Der neuseeländische Produzent Cannasouth hat im Juli einen auf drei Jahre befristeten Liefervertrag mit dem deutschen Unternehmen Weeco Pharma abgeschlossen und will Weeco mit Cannabisblüten aus Neuseeland beliefern. Die beiden Partner wollen zusammen auch eigene Cannabissorten entwickeln. Weeco hat demnach das Vorkaufsrecht für jede neue von Cannasouth entwickelte Sorte. Wir haben den CEO von Cannasouth, Mark Lucas, gesprochen: Wie steht es um Medizinalcannabis “Made in NZ”?

Greenhouse Cannasouth

krautinvest.de: Wie sieht die Medizinalcannabis Industrie in Neuseeland aus? Wie groß ist der Markt?

Mark Lucas: Das Programm zu medizinischem Cannabis wurde im April 2020 implementiert und hat die Aufgabe, für Patienten den Zugang zu qualitativ hochwertigen und erschwinglichen medizinischen Cannabisprodukten (MC) zu verbessern. Es steckt noch in den Kinderschuhen: In den zwölf Monaten bis Juni 2021 wurden etwa 31.000 Flaschen CBD verschrieben, die Verkaufsmengen THC-haltiger Produkte sind weitaus geringer. Eine kleine Anzahl von Blütenprodukten erhielten gerade erst das Zertifikat, dass sie den Mindestqualitätsstandard der Medicinal Cannabis Agency (MCA, gehört zum neuseeländisches Gesundheitsministerium) entsprechen. Daher gibt es noch keine Daten zu den Verkaufsmengen von Blütenprodukten. 

krautinvest.de: Wie ist das Programm organisiert?

Mark Lucas: Das Programm ist von der Medicinal Cannabis Agency organisiert; es erlaubt jedem in Neuseeland registrierten Arzt (z.
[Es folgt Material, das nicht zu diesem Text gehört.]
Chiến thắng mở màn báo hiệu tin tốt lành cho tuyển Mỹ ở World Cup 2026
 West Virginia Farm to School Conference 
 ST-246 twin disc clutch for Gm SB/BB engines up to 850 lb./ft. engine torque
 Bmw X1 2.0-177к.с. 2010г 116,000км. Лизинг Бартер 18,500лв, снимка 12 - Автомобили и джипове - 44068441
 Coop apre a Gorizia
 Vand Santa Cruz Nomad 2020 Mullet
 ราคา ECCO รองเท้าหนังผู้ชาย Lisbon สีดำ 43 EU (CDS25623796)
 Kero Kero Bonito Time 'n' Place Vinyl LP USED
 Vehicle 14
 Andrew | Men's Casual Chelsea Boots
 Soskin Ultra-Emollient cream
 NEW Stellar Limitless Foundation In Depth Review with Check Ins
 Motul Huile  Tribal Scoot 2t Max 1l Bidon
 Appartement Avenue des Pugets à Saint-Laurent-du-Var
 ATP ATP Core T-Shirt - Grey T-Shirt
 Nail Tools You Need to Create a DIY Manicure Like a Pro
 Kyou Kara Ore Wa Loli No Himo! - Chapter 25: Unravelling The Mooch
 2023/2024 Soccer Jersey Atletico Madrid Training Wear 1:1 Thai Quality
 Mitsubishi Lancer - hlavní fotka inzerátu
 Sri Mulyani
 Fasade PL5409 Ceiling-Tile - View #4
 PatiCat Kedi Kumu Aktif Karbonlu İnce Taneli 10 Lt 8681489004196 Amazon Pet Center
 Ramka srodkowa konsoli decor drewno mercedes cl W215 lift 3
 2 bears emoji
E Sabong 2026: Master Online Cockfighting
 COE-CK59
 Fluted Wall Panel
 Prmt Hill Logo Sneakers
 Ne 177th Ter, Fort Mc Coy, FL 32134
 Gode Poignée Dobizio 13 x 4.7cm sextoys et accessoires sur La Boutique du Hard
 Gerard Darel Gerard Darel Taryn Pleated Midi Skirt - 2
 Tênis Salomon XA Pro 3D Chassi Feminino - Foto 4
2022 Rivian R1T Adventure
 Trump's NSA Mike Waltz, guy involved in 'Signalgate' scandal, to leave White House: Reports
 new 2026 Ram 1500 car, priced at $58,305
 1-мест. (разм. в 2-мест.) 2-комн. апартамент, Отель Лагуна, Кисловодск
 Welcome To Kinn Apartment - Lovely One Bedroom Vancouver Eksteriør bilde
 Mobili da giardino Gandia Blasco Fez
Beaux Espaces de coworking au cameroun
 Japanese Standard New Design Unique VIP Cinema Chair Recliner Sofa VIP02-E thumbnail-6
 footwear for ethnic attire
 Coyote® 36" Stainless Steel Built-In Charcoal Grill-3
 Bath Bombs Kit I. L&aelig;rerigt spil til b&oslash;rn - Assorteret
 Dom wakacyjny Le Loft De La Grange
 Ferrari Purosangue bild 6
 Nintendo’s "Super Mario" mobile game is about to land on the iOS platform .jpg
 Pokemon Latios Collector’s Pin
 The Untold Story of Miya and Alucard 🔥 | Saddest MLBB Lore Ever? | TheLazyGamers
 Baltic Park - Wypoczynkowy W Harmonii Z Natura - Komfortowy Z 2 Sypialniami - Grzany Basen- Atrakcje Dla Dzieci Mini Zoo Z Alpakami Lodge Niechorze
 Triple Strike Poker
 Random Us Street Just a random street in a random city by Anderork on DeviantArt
B. Facharzt oder Allgemeinmediziner), medizinische Cannabisprodukte zu verschreiben, die die Mindestqualitätsanforderungen erfüllen. Obwohl die Produkte auf ihre Qualität hin überprüft werden, gelten sie als nicht zugelassene Arzneimittel und werden auch nicht von unserem Gesundheitsministerium oder der Krankenkasse erstattet. Sativex ist das einzige zugelassene MC-Produkt in Neuseeland – und wird ebenfalls nicht erstattet.

krautinvest.de: Was ist einzigartig an der Medizinalcannabis Industrie in Neuseeland? 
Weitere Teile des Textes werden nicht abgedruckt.